Florida is known for many things: beaches, warm weather, alligators, Cuban coffee in South Florida, and chicory along the Gulf Coast.
What we are not famous for is generosity toward the less fortunate. Generally, we just point and say, “At least we are not Alabama.” That is not a particularly strong boast.
Naturally, when the federal government offered to expand Medicaid, the health program for the very poor, Florida declined. The Legislature feared that, at some point in the future, the state might have to contribute.
The state is loath to contribute to anyone who does not first write them a big check. Pave Florida 2019? No problem, developer checks cleared nicely. Medicaid? Poor folks do not contribute generously to politicians, so they get last pick in Tallahassee.
You know who comes in way ahead of them? Hospitals, that is who. When Halifax explained how much profit it made on Medicaid, I saw several people picking their jaws up from the floor.
Obviously, hospitals do not want to give that money back. Hospital executives are generally well-connected. They keep the money flowing.
Still, Tallahassee politicians do not want to spend state money on the needy. Most poor people do not even donate to campaigns.
So, the state kicks the can down to the counties. Each county is required to pay its portion of the state’s Medicaid responsibility. Normally, counties do this through property taxes.
While Florida has 23 counties with hospital taxing districts, only four of them shift the burden to those districts.

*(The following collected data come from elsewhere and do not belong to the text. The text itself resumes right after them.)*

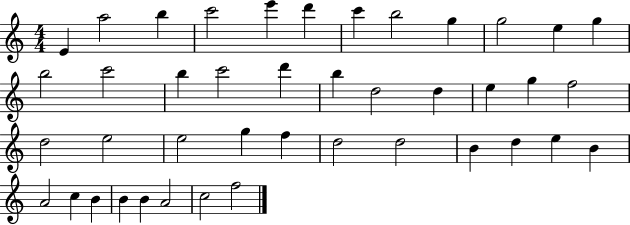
{
  \clef treble
  \numericTimeSignature
  \time 4/4
  \key c \major
  e'4 a''2 b''4 | c'''2 e'''4 d'''4 | c'''4 b''2 g''4 | g''2 e''4 g''4 | \break b''2 c'''2 | b''4 c'''2 d'''4 | b''4 d''2 d''4 | e''4 g''4 f''2 | \break d''2 e''2 | e''2 g''4 f''4 | d''2 d''2 | b'4 d''4 e''4 b'4 | \break a'2 c''4 b'4 | b'4 b'4 a'2 | c''2 f''2 | \bar "|."
}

And of those four, only one taxes a district with no hospital. That matters, because hospitals make quite a surprising lot of money from Medicaid, despite the frequent complaints about “low” reimbursement rates.
Volusia is unique because the West Volusia Hospital Authority no longer has a hospital. There are private hospitals that receive Medicaid money, but the county cannot grab any of that. And Halifax does not want to give back much of that $40 million profit, which I can understand because I am also tight.
So it comes down to the County Council. They rob West Volusia taxpayers to enrich Halifax. And, of course, to help their own budget.
Some people think of Florida and races. Others think of Volusia government with pickup trucks carrying West Volusia taxes to Daytona. You know what people do not think of when regarding Florida — good, efficient government.
— Andrews is a DeLand-area attorney and a longtime government critic. For purposes of the column, he finds it convenient that there is so much government to criticize.